Now, to get all those things with relative ease, you need to have a lot going for you. You need a bit of a head start, more luck than usual, an IQ a standard deviation or two above average won't hurt, and you need to not have any particular disadvantages.

But the changing landscape of achieving the dream lifestyle hasn't fully been acknowledged. Why not?

Well, more or less, the older generations need younger generations to at least try to keep showing up for jobs and to try to get some money and to spend all of their money on stuff because otherwise the economy will struggle, and if the economy struggles then retirement accounts and house equity won't do so well, and the older generation's lifelong pursuit of More will struggle.

There are big, big problems with the way things are going. Systems in overshoot have a day of reckoning ahead of them, always. But most people who are close to their own finish line hope that day of Reckoning is Later, and so in the meantime they still just want More, and it doesn't matter too much to them who has to be called a loser and manipulated into chasing the mirage of an old dying dream in order for them to continue to get theirs.

So work harder, loser.
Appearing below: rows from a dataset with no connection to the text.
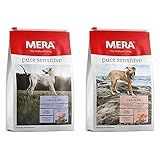 MERA Pure Sensitive Adult Lamm und Reis Hundefutter – Trockenfutter für die tägliche Ernährung nahrungssensibler Hunde & Pure Sensitive Adult Lachs und Reis Hundefutter – Trock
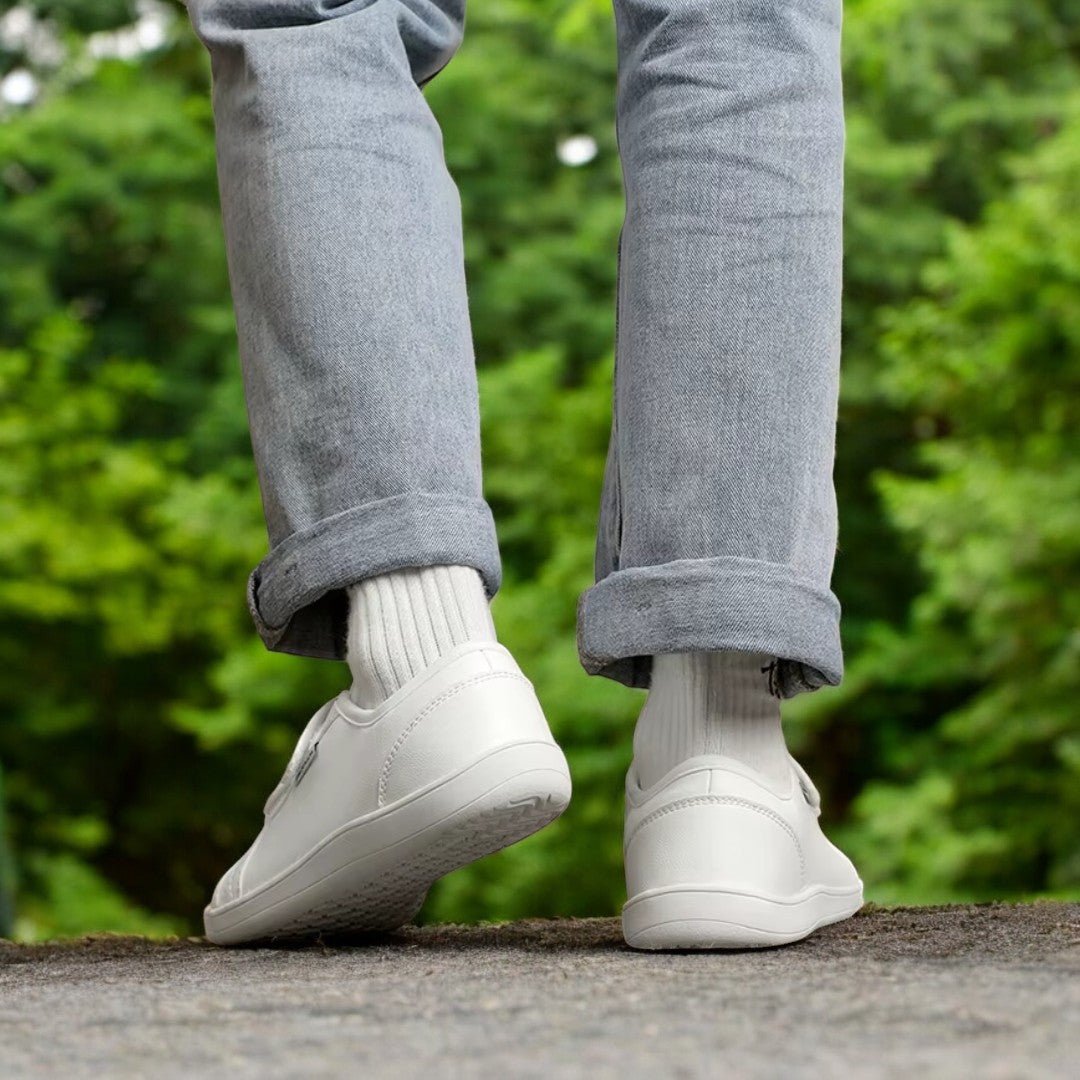 back view velcro white barefoot shoes with sole pattern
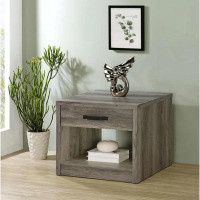 Gracie Oaks Zuria 22.25'' Tall Square End Table in Grey Driftwood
The reason you don't have a house and can't qualify for a housing loan is because you don't work hard enough, or you are too whiny, or something.

I have no advice for how to qualify for a housing loan. I've never even seriously considered buying a house myself. I rented at more than 30% of my income, and then I lived in not-made-for-Instagram tiny houses I built myself out in the desert. I currently live in a cabin in Alaska that someone else owns and I pay utilities and do DIY around the place. I'm not saying you need to live in a tiny house out in the desert. I'm saying that I'm not someone who Made It and ticked all the 20th century lifestyle dream boxes and is now telling you to suck it up.

This manual is not about how to achieve the 20th century lifestyle dream. It's not about how to hack the system. It's about how to stop playing the consumerism game altogether.

Everything about 20th century western society was built on the implicit paradigm that more material consumption equals better life. Unless you were born and raised under a rock, you were programmed this way, as was I.

This manual is about deprogramming yourself from that assumption.

This manual is about realizing that, actually, if you're able to reject the lifestyle dreams that were incepted into you since birth, you can have a good life that doesn't depend on More. You can build a life that depends only on Enough. And Enough is much, much easier to get than More. The Enough game isn't rigged like the More game.

As a bonus, you will be less and less an unwilling stooge of the older generations that want to exploit your desire for a decent life on their terms. You will begin to learn the skills and the practices to build a good life on your terms.

Consumer culture says that quality of life is 95% composed of material wealth.

Postconsumer culture says that quality of life is composed of something like 10-25% material wealth, Enough so that you aren't hungry or cold or in danger. The rest is skills, relationships, wisdom, fill in the blank according to your own unique psychology and human interestingness.

This manual doesn't assume that They are going to fix the dysfunctions of our unfair, unjust system. It doesn't give any advice for how to get society to increase taxes from people who've gotten enormously More.

This manual assumes that you're done waiting for society to suck less and are prepared to play a different game.